■ **PROMPT**:
Leaving the pictures aside, transcribe the data below exactly.

■ **SUPPLIED INFORMATION**:
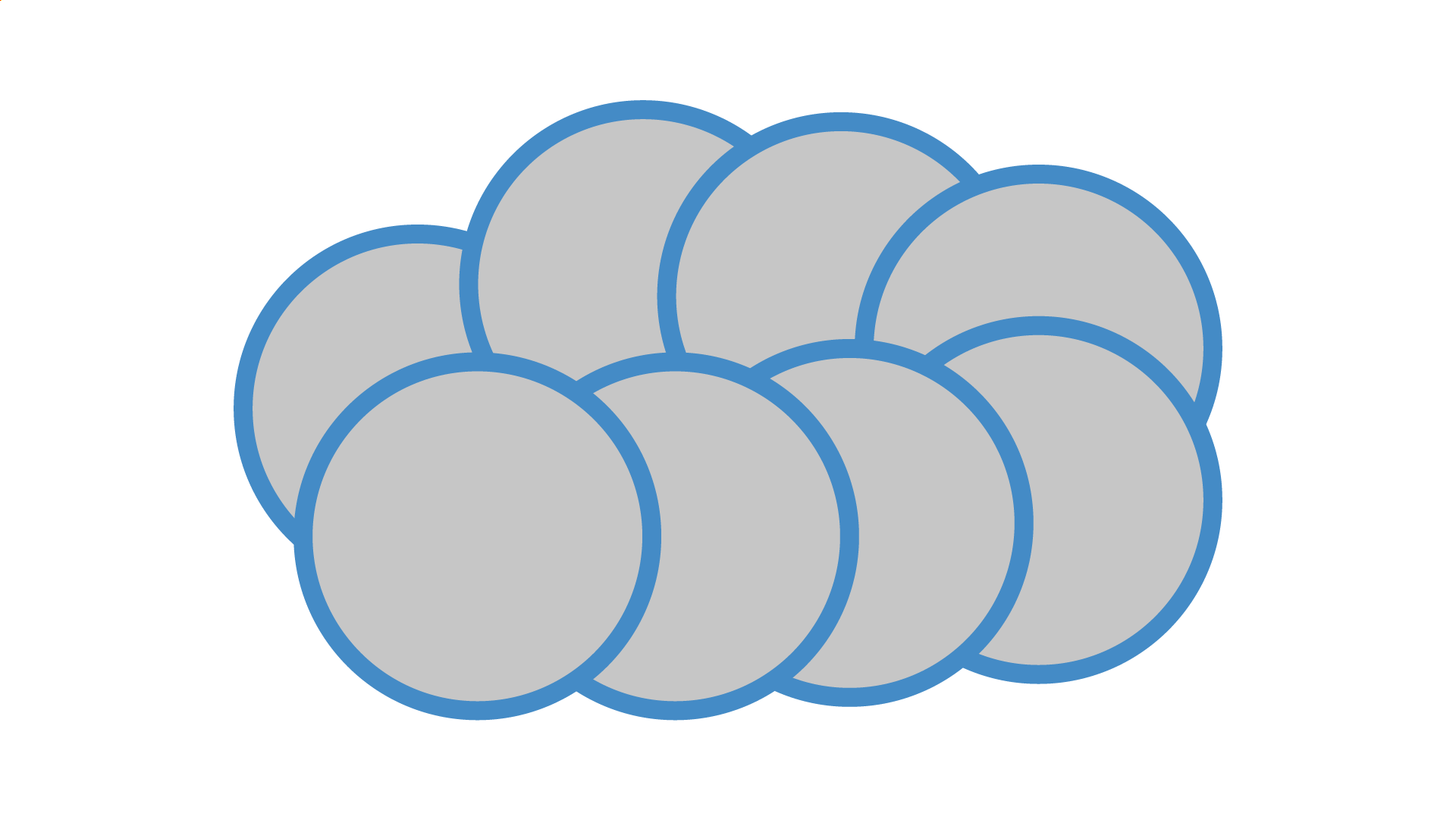 雲の形に見えるように円形を並べる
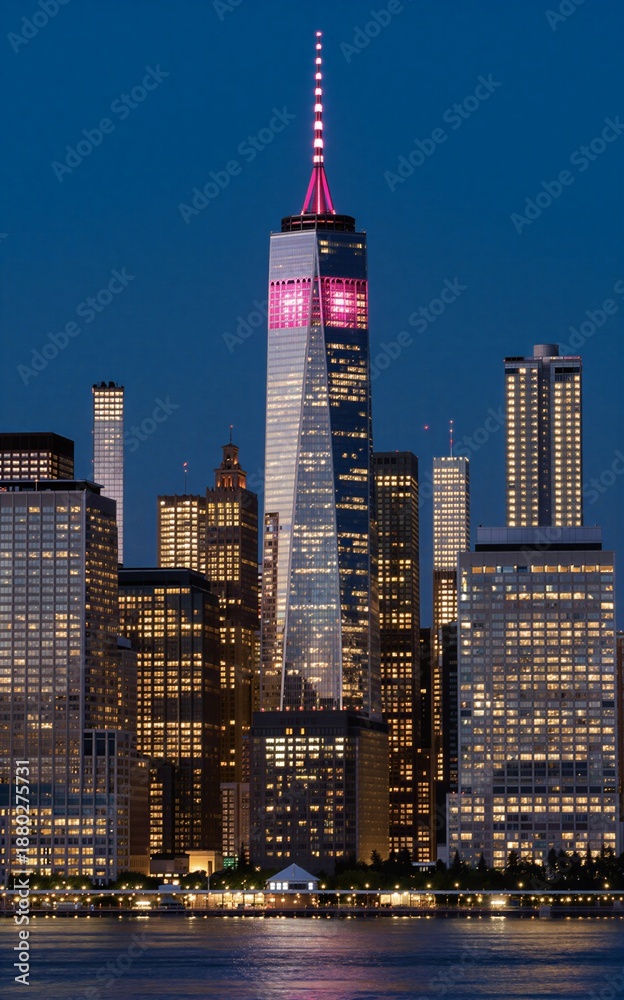 Fototapeta premium Nighttime cityscape featuring illuminated skyscrapers, pink-lit spire tower against dark blue sky.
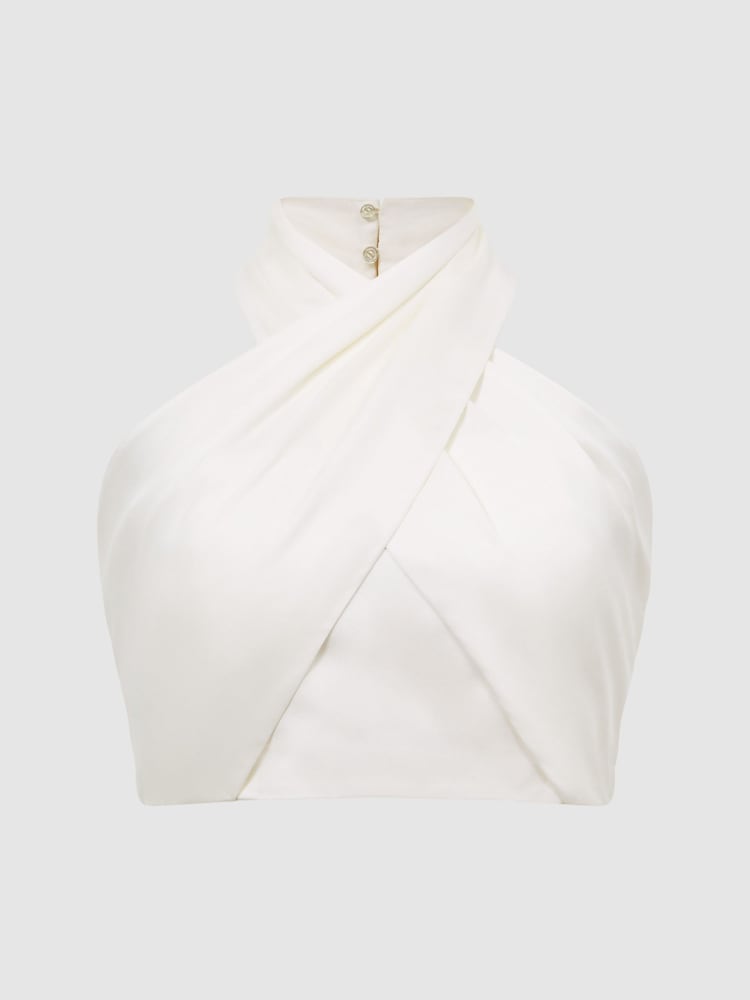 Reiss White Ruby Cropped Halter Occasion Top - Image 2 of 7 Reiss White Ruby Cropped Halter Occasion Top - Image 2 of 7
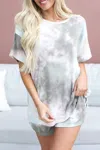 First Love Fool For You Tie-dye Set In Olive Multi In Green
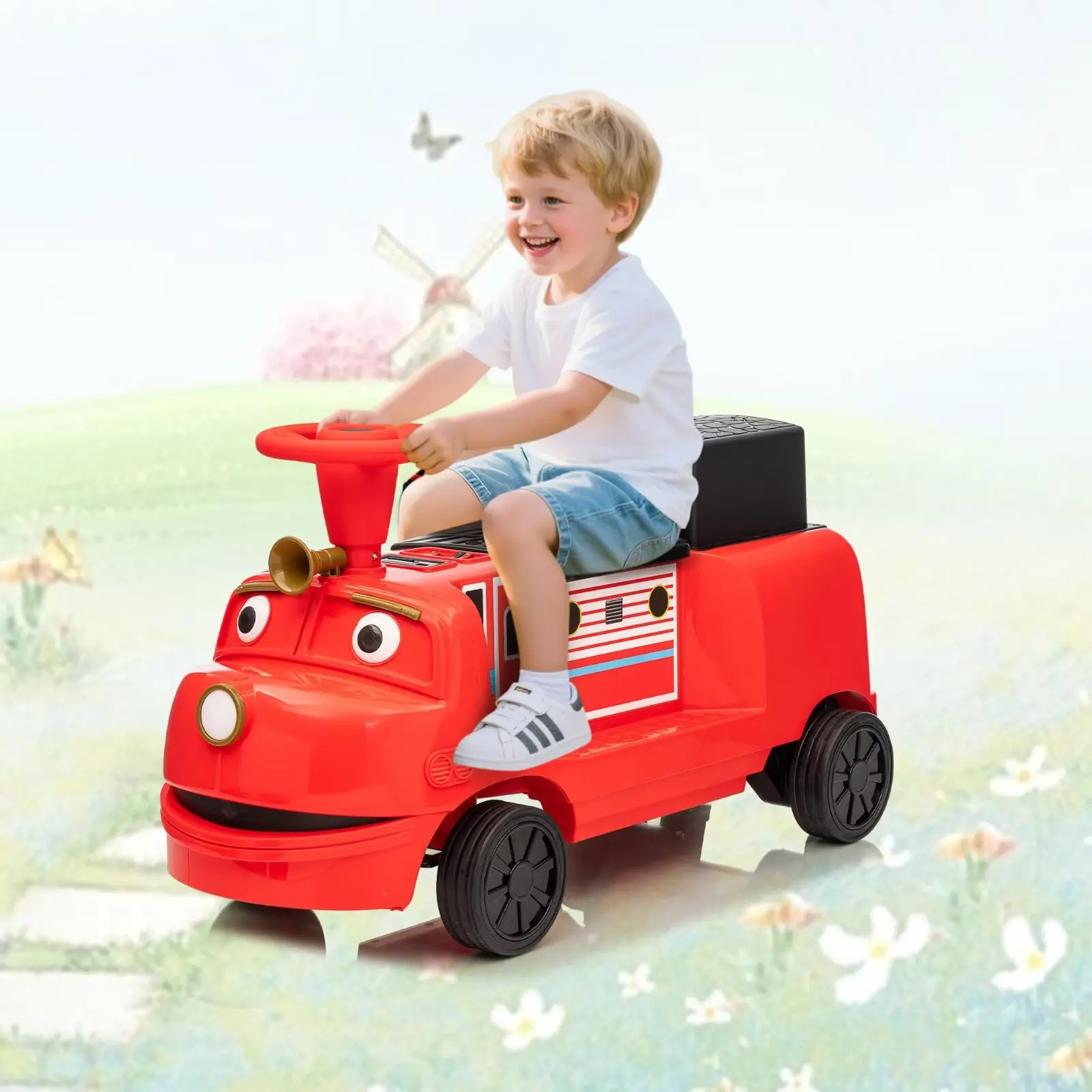 12V 2Seater Kids Train Adjustable Seat Storage Music 2Speed Electric Car for Ages 3+ Red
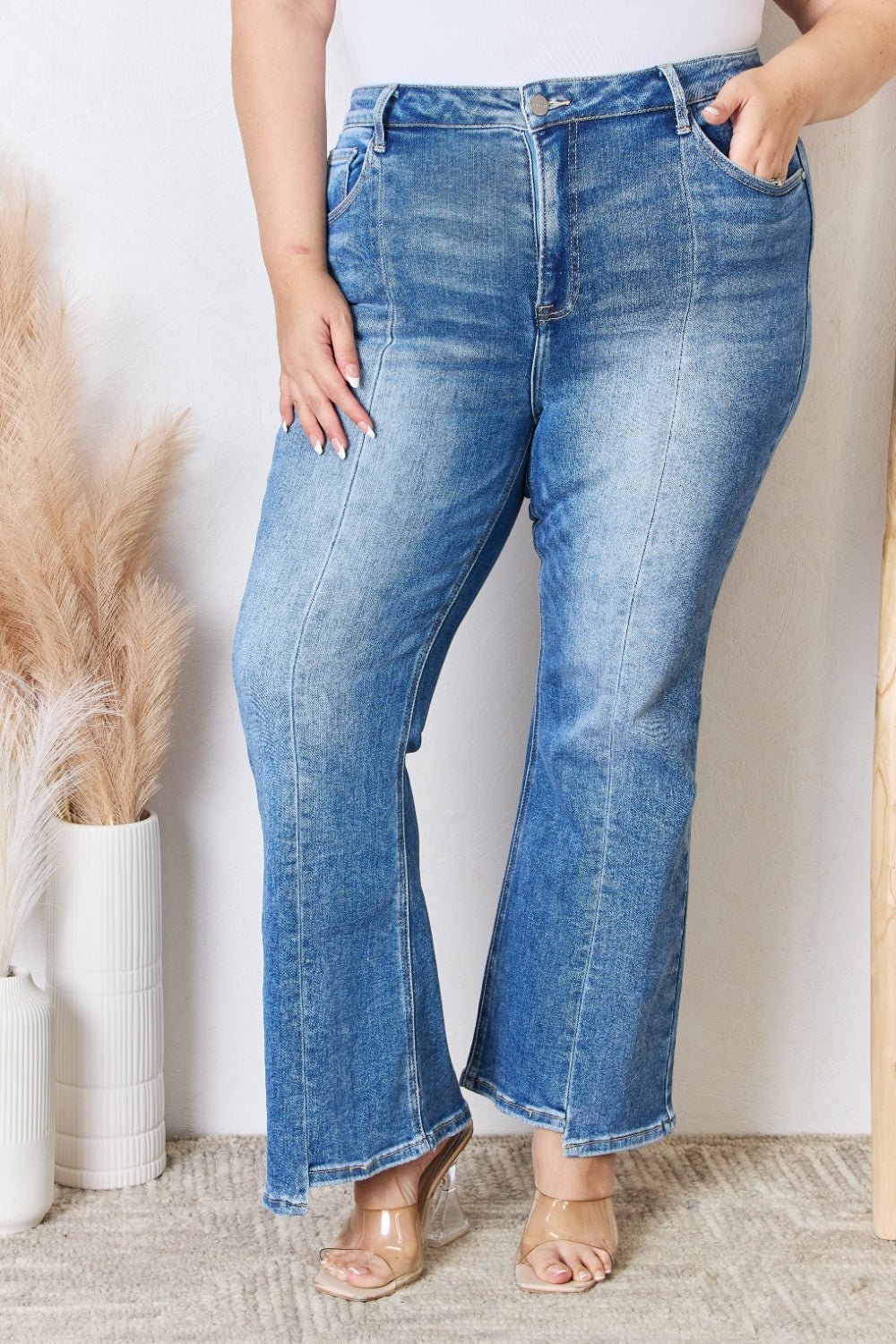 RISEN Full Size High Rise Ankle Flare Jeans - Jeans - Medium - Bella Bourget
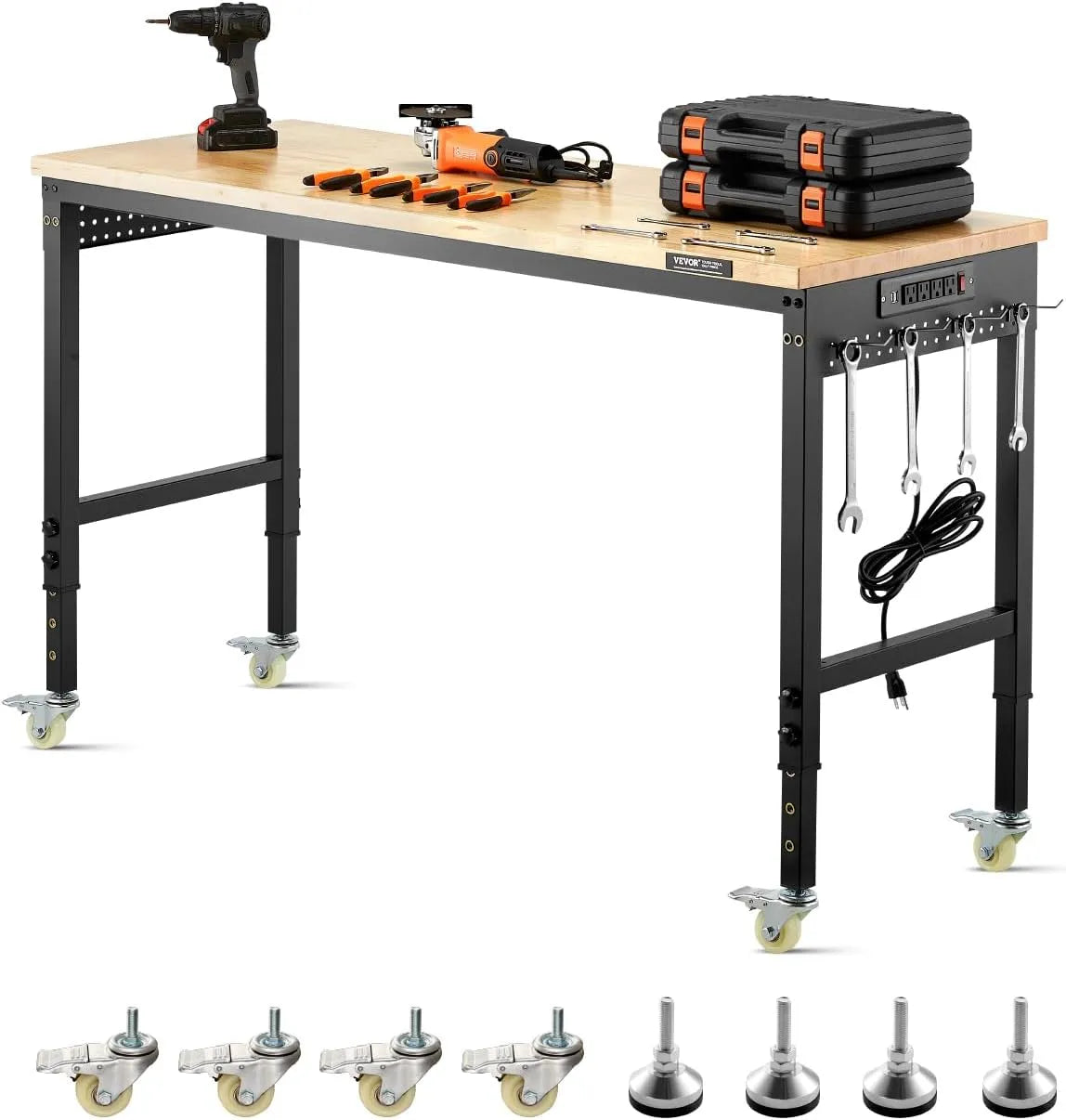 VEVOR ¨¦tabli d'atelier et table de travail: hauteur r¨¦glable, avec panneau perfor¨¦, avec prise ¨¦lectrique, format mobile, 1524 mm, 907,2 kg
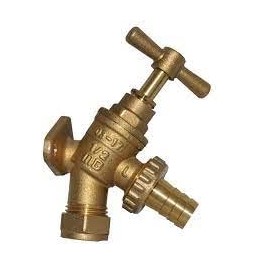 hep® Outdoor Hose Union Garden Bib Tap Outside garden bib Tap with Back plate 15mm inlet x 1/2" Union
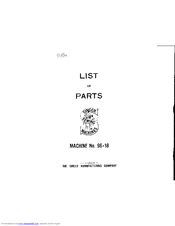 Singer 96-18 List Of Parts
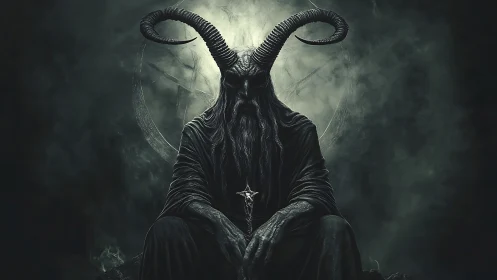 Horned shadow lord sits in brooding occult twilight
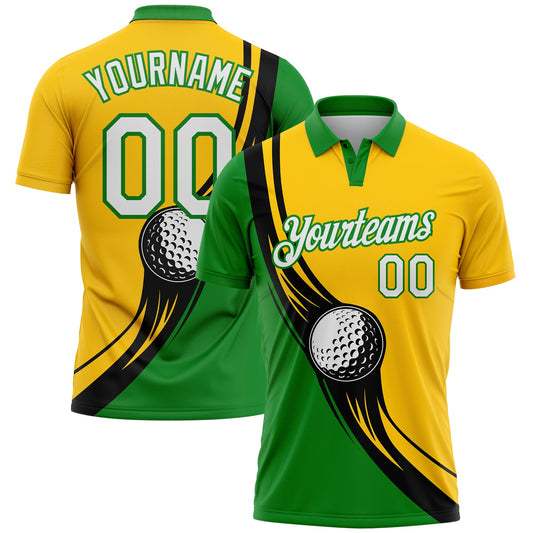 Custom Yellow White-Grass Green 3D Pattern Design Golf Ball Performance Golf Polo Shirt - Main View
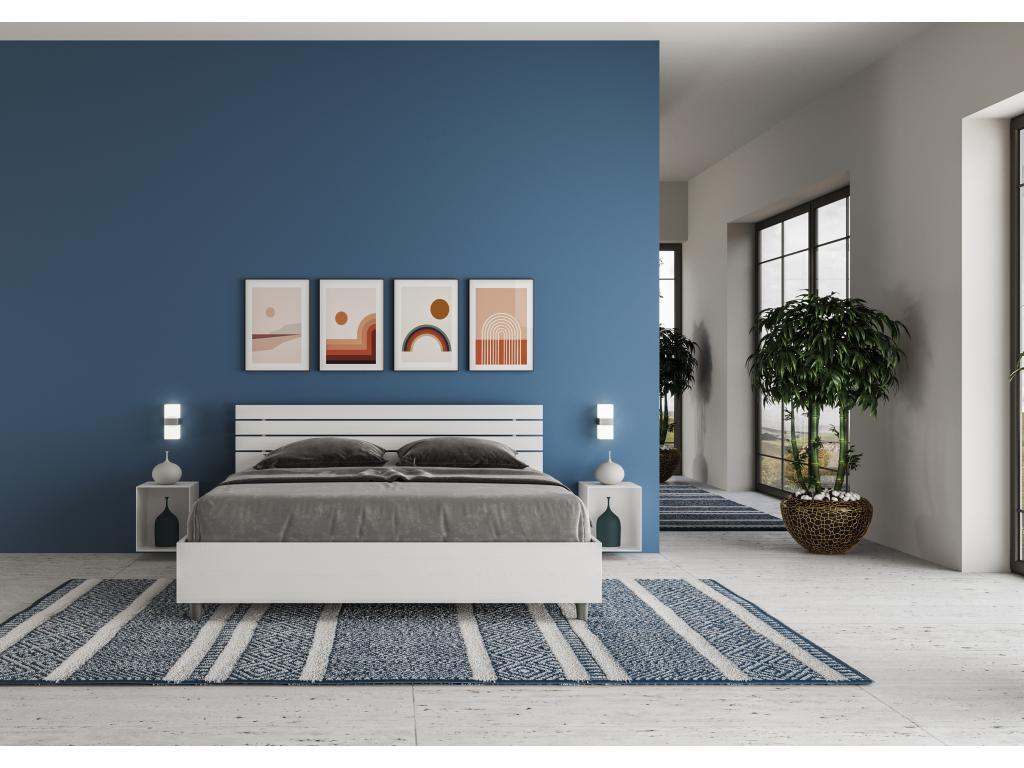 Bed without slatted base 160x190 with straight headboard and white ash slats Domopure BWEP34245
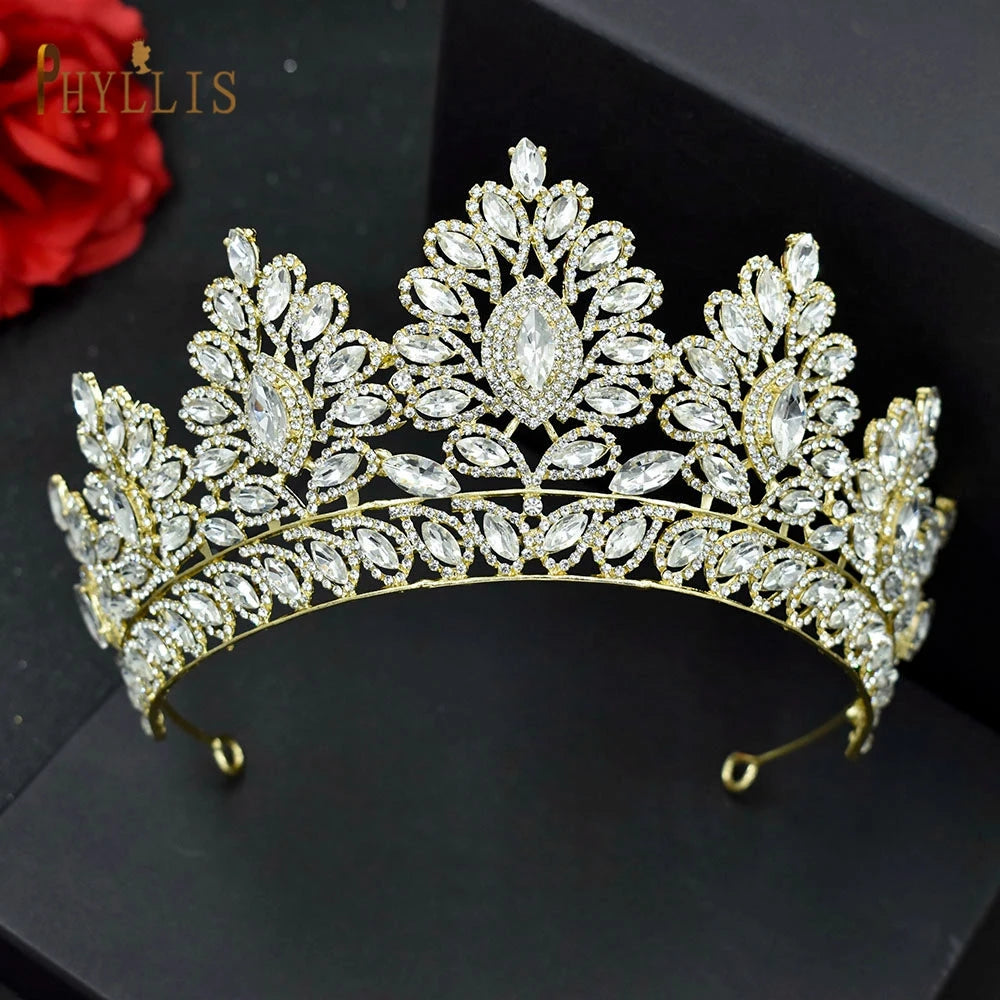 A121 Rhinestone Wedding Crowns Crystal Bridal Hair Accessories Zirconia Women Tiara Baroque Headband Bride Queen Diadem Headwear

■ **SOLUTION BELOW**:
 雲の形に見えるように円形を並べる
 Fototapeta premium Nighttime cityscape featuring illuminated skyscrapers, pink-lit spire tower against dark blue sky.
 Reiss White Ruby Cropped Halter Occasion Top - Image 2 of 7 Reiss White Ruby Cropped Halter Occasion Top - Image 2 of 7
 First Love Fool For You Tie-dye Set In Olive Multi In Green
 12V 2Seater Kids Train Adjustable Seat Storage Music 2Speed Electric Car for Ages 3+ Red
 RISEN Full Size High Rise Ankle Flare Jeans - Jeans - Medium - Bella Bourget
 VEVOR ¨¦tabli d'atelier et table de travail: hauteur r¨¦glable, avec panneau perfor¨¦, avec prise ¨¦lectrique, format mobile, 1524 mm, 907,2 kg
 hep® Outdoor Hose Union Garden Bib Tap Outside garden bib Tap with Back plate 15mm inlet x 1/2" Union
 Singer 96-18 List Of Parts
 Horned shadow lord sits in brooding occult twilight
 Custom Yellow White-Grass Green 3D Pattern Design Golf Ball Performance Golf Polo Shirt - Main View
 Bed without slatted base 160x190 with straight headboard and white ash slats Domopure BWEP34245
 A121 Rhinestone Wedding Crowns Crystal Bridal Hair Accessories Zirconia Women Tiara Baroque Headband Bride Queen Diadem Headwear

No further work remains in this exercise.